The new set of movies really didn't need any of the original cast, and I'm not sure that they ought to have been included ... especially now that so many years had passed. And I would not have brought back "Darth Vader's melted mask," either. Annakin Skywalker himself turned away from his evil, sacrificing himself in the process to save his son. He shouldn't be brought back now as a personification nor a continuation of that evil, nor as a symbol of it that the new evildoers almost worship. To me, that's polluting the other "most-important character." And, once again, completely unnecessary.

What's next, I wonder? Jar Jar Binks? ;)

MadmanRB 01-16-2018 04:13 PM

Dont we have enough of this on youtube?

Its the same crap "WAAAA! They ruined Star Wars!"

Uh ever think that some of us actually like this movie and applaud it for trying something new?

No wait thats ruining childhood, I forgot.

No cant sit back and have fun with a movie anymore, no have to nitpick every frame and every line of dialog and if a prop is off center in one scene and is fixed in the next.... movie ruined!

I personally really liked the Last Jedi, it was daring experimental and it did the same thing that Empire strikes back did by subverting expectations and giving us something new.

But hey the is the star wars franchise where people say that The force awakens was too much like a new hope and then whine when something new is offered.

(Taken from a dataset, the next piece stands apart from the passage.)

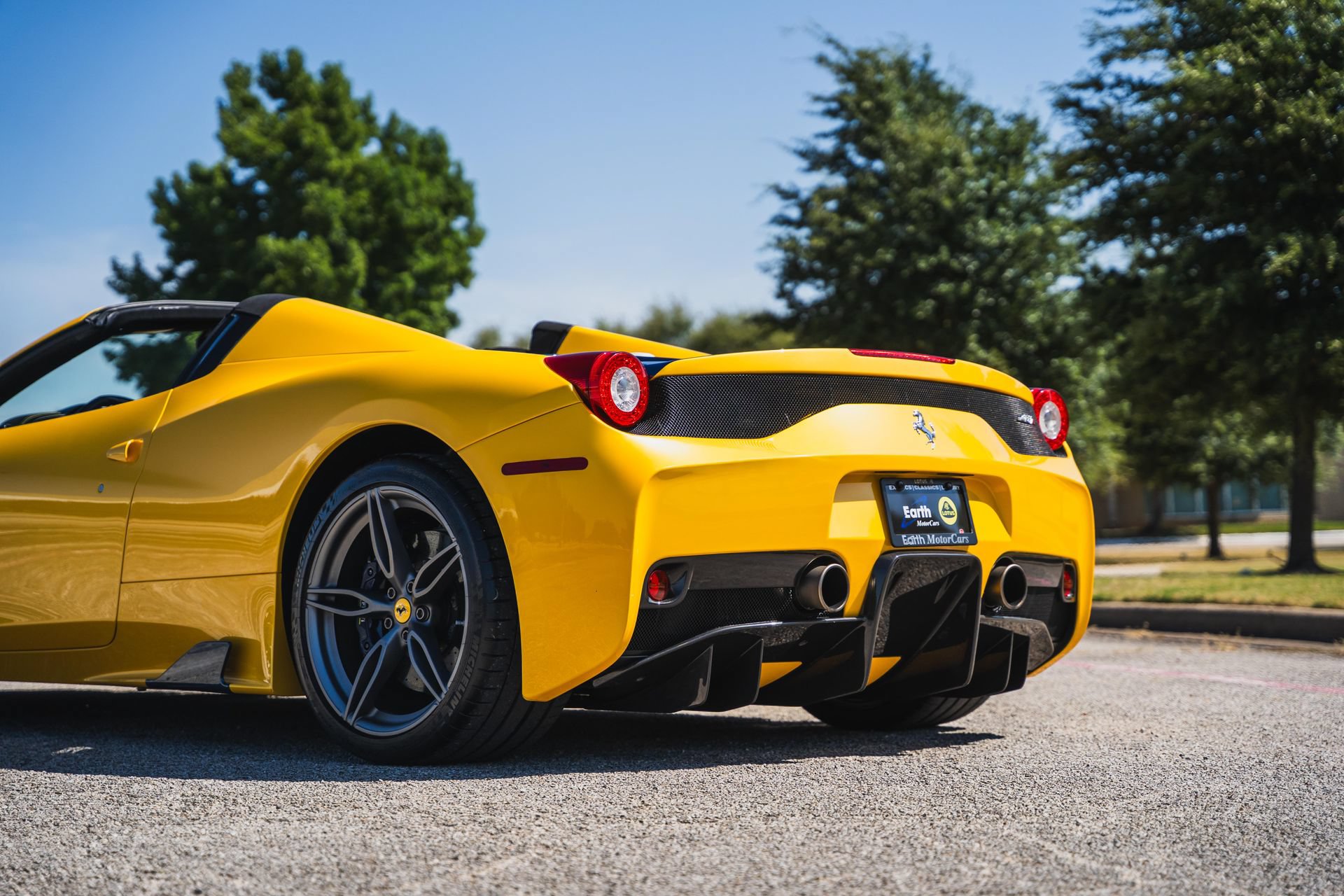 Used 2015 Ferrari 458 Speciale A RWD image 17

I swear its the most manic depressive fan base sometimes.

sundialsvcs 01-16-2018 04:45 PM

I personally think that they should have simply left the original cast completely out of it – including Darth Vader. Put the story a hundred or more years in the future, instead of a mere thirty years after the previous set of movies must have ended. I know that they were trying to appeal to old farts like me "the original fan-base," but that wasn't necessary. The essential story is universal.

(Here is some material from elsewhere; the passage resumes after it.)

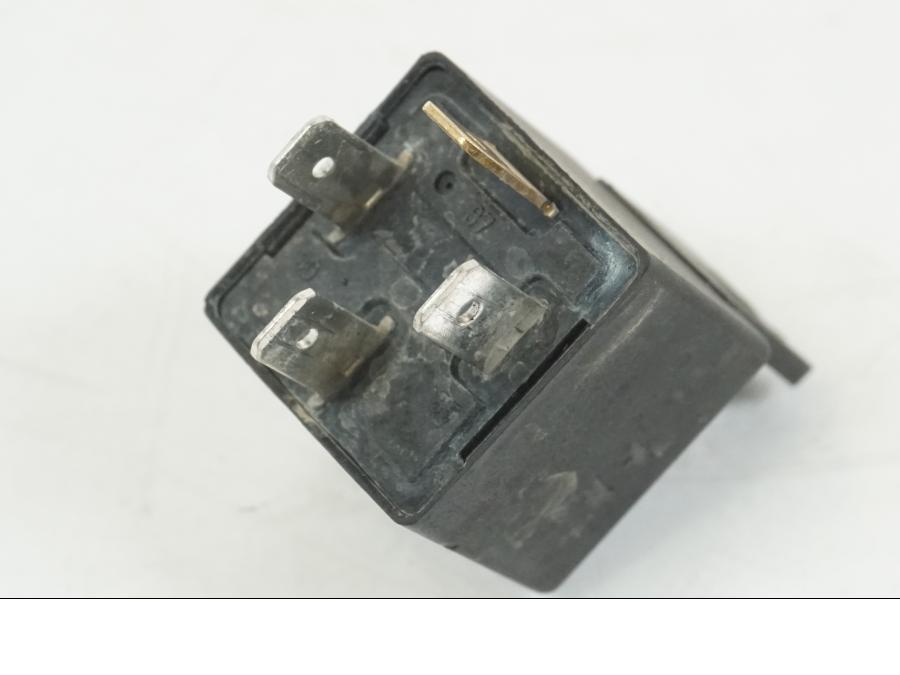 Snett nerifrån på Relä från en AJP PR7 -2021 motorcykel.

I think that Disney made excellent casting choices in these new movies. They hired really good screenwriters, and refused to let George Lucas fill the movies with little children and little creatures. But the decision to incorporate the original cast-members and characters, in my humble, simply didn't work.

The "bad guy," being the improbable son of two original-characters' improbable marriage, is in a more awkward position than the "good girl," who has none of this baggage. (Fortunately, the actor is fully in command of his character and he can work his way through any screenwriting gaffe. Just let him take his mask off. Just let him take his mask off, so we can see his most-interesting face ... this is how this actor acts.)

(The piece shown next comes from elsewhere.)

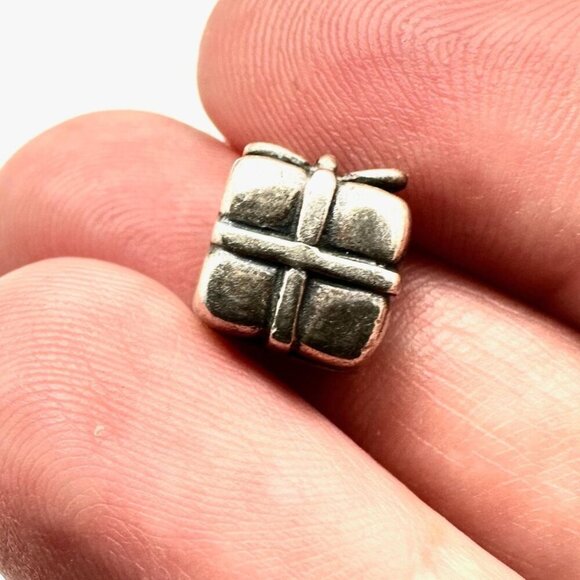Pandora Present Gift Box Charm 925 ALE Sterling Silver Birthday Holiday - Picture 2 of 5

Now, for the third movie, they actually do have a "clean slate," albeit due to most-unfortunate and unforeseeable real-world tragedy. (Carrie one day, and her mother the next. :cry:) They can't do "Han's movie, then Luke's movie, then Leia's movie," as originally planned. Maybe they will think of something much better. I hope so.

Honestly, my requirements are simple – I've got my wife and a bag of popcorn and we still know how to "neck." ;) It's too <hot|cold> to be outside, and this place is air-conditioned and has a $10,000 sound system. Just tell me a really good yarn. But, don't tamper with fictional characters. It's far better to simply omit them entirely, than to corrupt them. Especially when the franchise does not need to do any such thing.

AnanthaP 01-17-2018 03:03 AM

There were actually only 12 people in the audience out of about 500 seats where I saw it (Last Jedi). I mean too convoluted to be a simple yarn.